***** DATA IN THIS EXERCISE
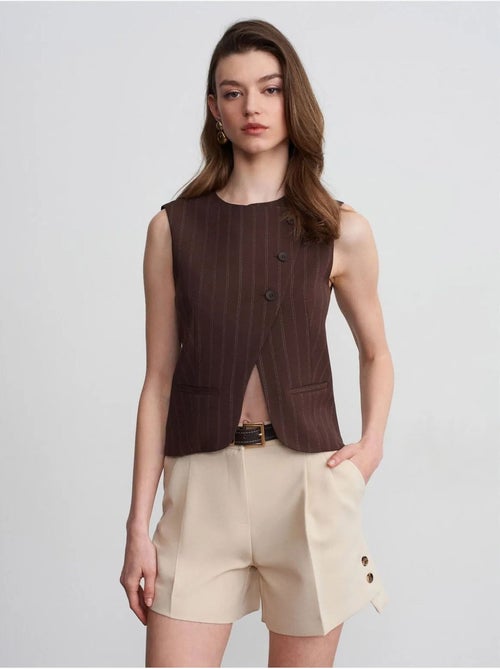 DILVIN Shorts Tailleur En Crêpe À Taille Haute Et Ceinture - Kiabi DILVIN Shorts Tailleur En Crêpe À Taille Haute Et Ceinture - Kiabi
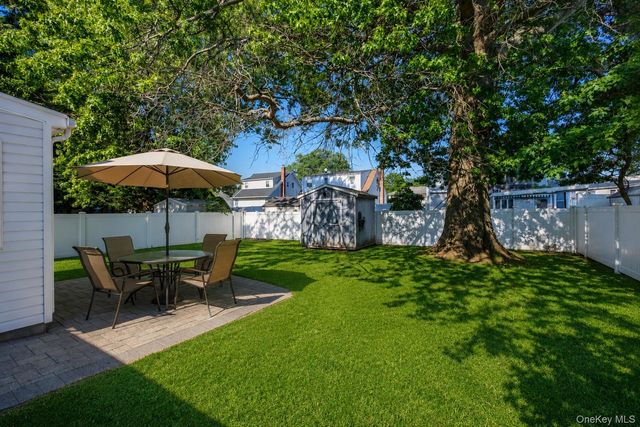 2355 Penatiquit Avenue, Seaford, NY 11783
**********
***** DATA IN THIS EXERCISE
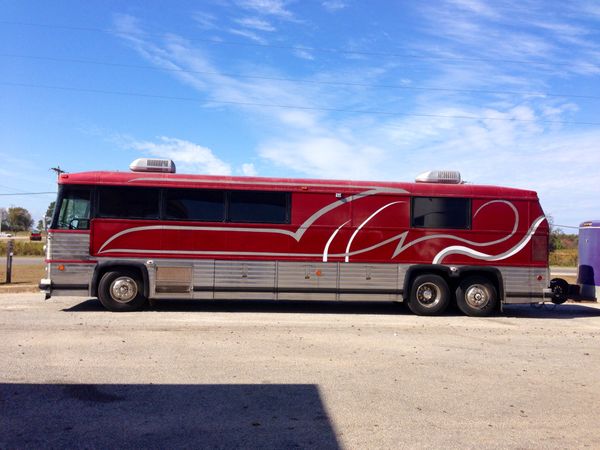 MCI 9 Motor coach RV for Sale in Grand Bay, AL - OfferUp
**********
***** DATA IN THIS EXERCISE
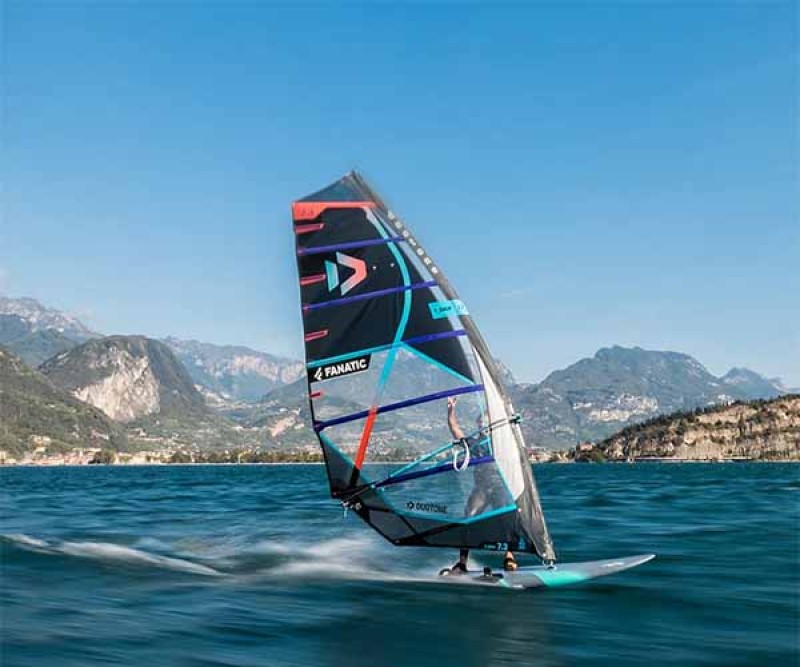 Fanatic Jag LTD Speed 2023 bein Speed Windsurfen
**********
Looking at the listing above, which lines run from the one containing "- Kiabi DILVIN" through the one containing "2355 Penatiquit Avenue, Seaford, NY 11783"? Print exactly those, ends included, pictures excluded.

* ANSWER FOR THIS EXERCISE
 DILVIN Shorts Tailleur En Crêpe À Taille Haute Et Ceinture - Kiabi DILVIN Shorts Tailleur En Crêpe À Taille Haute Et Ceinture - Kiabi
 2355 Penatiquit Avenue, Seaford, NY 11783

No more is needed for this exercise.